Below is a brief list of titles accompanied by the publisher’s annotations that I’m looking forward to reading the most this fall.
Indian cuisine and Indian cinema (known as Bollywood) share much in common – bold colors and flavors with plenty of drama. But to the uninitiated, they can seem dizzying. Let Sri Rao be your guide. As one of the only Americans working in Bollywood, Sri is an expert on Indian musical films, and as an avid cook, he’s taken his mom’s authentic, home-cooked recipes and adapted them for the modern, American kitchen.
In this book you’ll find dinner menus and brunch menus, menus for kids and menus for cocktail parties. Along with each healthy and easy-to-prepare meal, Sri has paired one of his favorite Bollywood movies. Every one of these films is a musical, packed with dazzling song-and-dance numbers that are the hallmark of Bollywood, beloved by millions of fans all over the world. Sri will introduce each film to you, explaining why you’ll love it, and letting you in on some juicy morsels from behind the scenes.

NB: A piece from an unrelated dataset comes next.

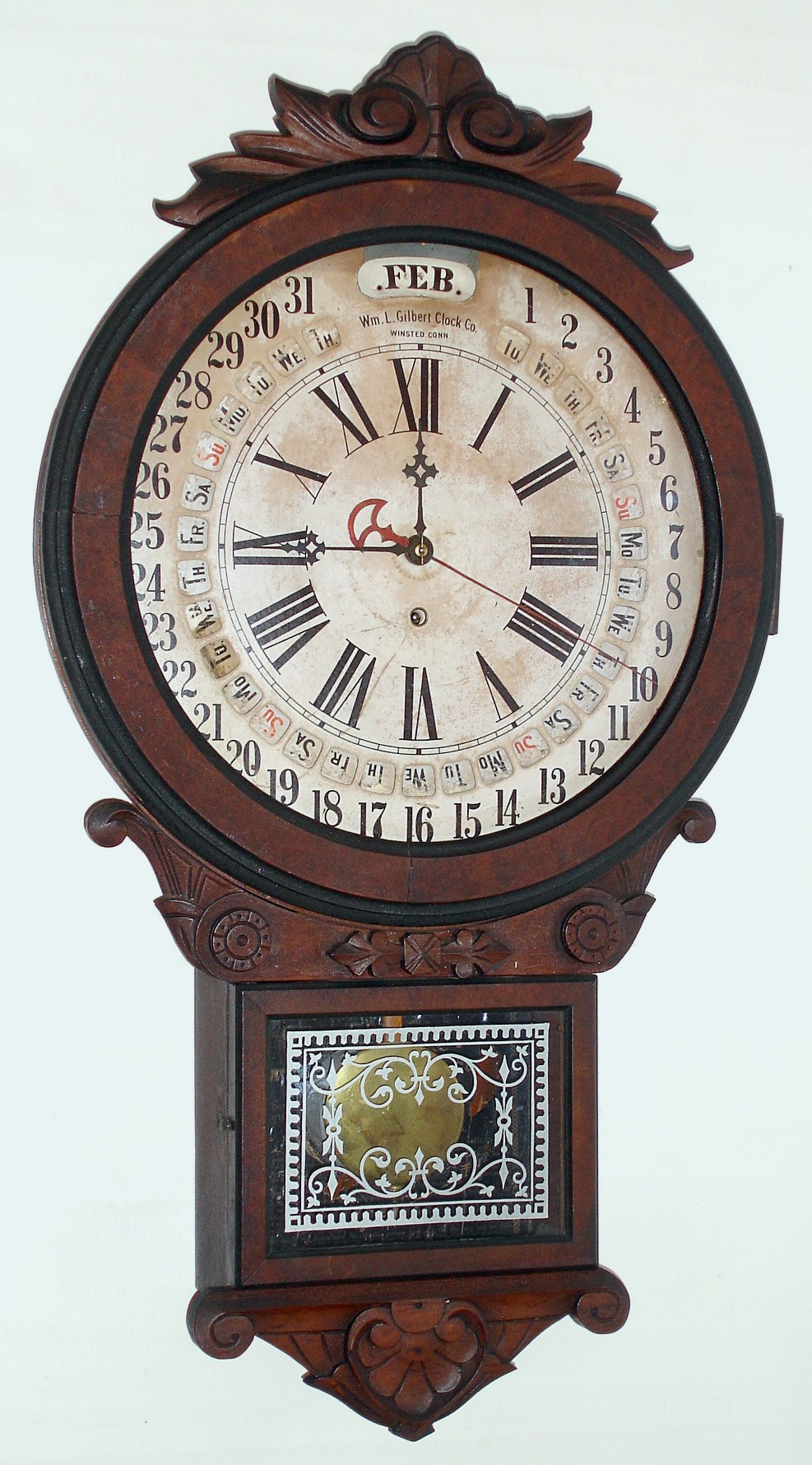 Gilbert Clock Co., Winsted, Conn. Office Drop Calendar walnut 8-day time-only wall clock, c1881. — Antique Clocks Price Guide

Bookshops: A Reader’s History by Jorge Carrión and translated by Peter Bush
Jorge Carrión collects bookshops: from Gotham Book Mart and the Strand Bookstore in New York City to City Lights Bookshop and Green Apple Books in San Francisco and all the bright spots in between (Prairie Lights, Tattered Cover, and countless others). In this thought-provoking, vivid, and entertaining essay, Carrión meditates on the importance of the bookshop as a cultural and intellectual space. Filled with anecdotes from the histories of some of the famous (and not-so-famous) shops he visits on his travels, thoughtful considerations of challenges faced by bookstores, and fascinating digressions on their political and social impact, Bookshops is both a manifesto and a love letter to these spaces that transform readers’ lives.
God by Reza Aslan
A fascinating account of religion’s origin and a call to embrace a deeper, more expansive understanding of the divine from the #1 New York Times bestselling author of Zealot.
More than just a history of our understanding of God, this book is an attempt to get to the root of this humanizing impulse in order to develop a more peaceful, universal spirituality unencumbered by the urge to foist our human characteristics upon the divine. Whether you believe in one God or many gods or no god at all, God: A Human History will transform the way you think about the divine and its role in our everyday lives.

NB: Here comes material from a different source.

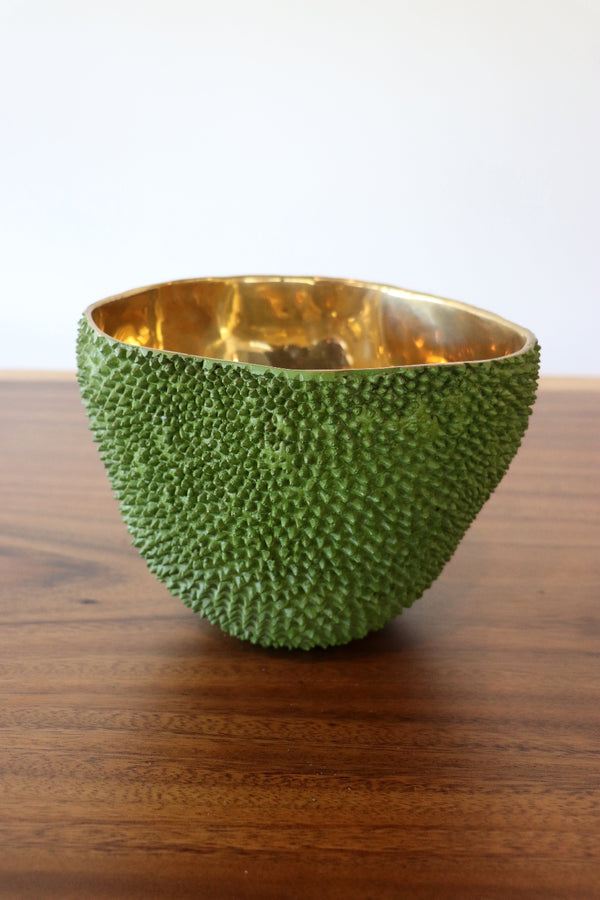 A textured green bowl with a shiny gold interior, displayed on a wooden table against a plain white background.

Through vivid stories of devoted pigs, two-timing magpies, and scheming roosters, The Inner Life of Animals weaves the latest scientific research into how animals interact with the world with Peter Wohlleben’s personal experiences in forests and fields.
Horses feel shame, deer grieve, and goats discipline their kids. Ravens call their friends by name, rats regret bad choices, and butterflies choose the very best places for their children to grow up.

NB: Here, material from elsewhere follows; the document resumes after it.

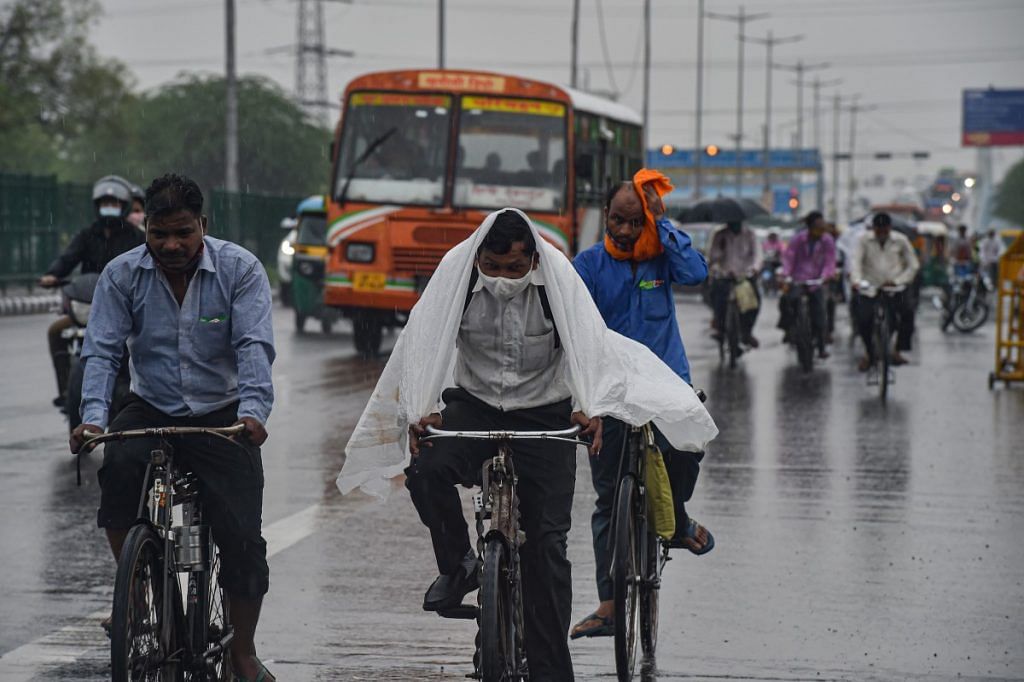 Commuters during rain as monsoon reaches Delhi on 13 July 2021 | PTI
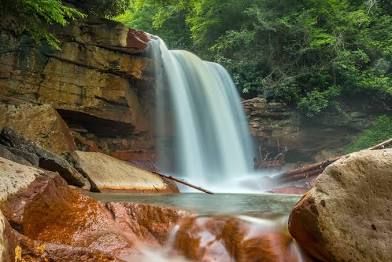 A majestic waterfall cascades over red rocks in a lush forest setting.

In this, his latest book, Peter Wohlleben follows the hugely successful The Hidden Life of Trees with insightful stories into the emotions, feelings, and intelligence of animals around us. Animals are different from us in ways that amaze us—and they are also much closer to us than we ever would have thought.
The River of Consciousness by Oliver Sacks
The River of Consciousness reflects Oliver Sacks at his wisest and most humane, as he examines some of the human animal’s most remarkable faculties: memory, creativity, consciousness, and our present, ongoing evolution.
Before his death, Sacks personally collected into this one volume his recent essays, never before published in book form, which he felt best displayed his passionate engagement with his most compelling and seminal ideas. The book, lucid and accessible as ever, is a mirror of his own consciousness, discovering in his personal and humane interactions with others, unique insight, and fresh meaning.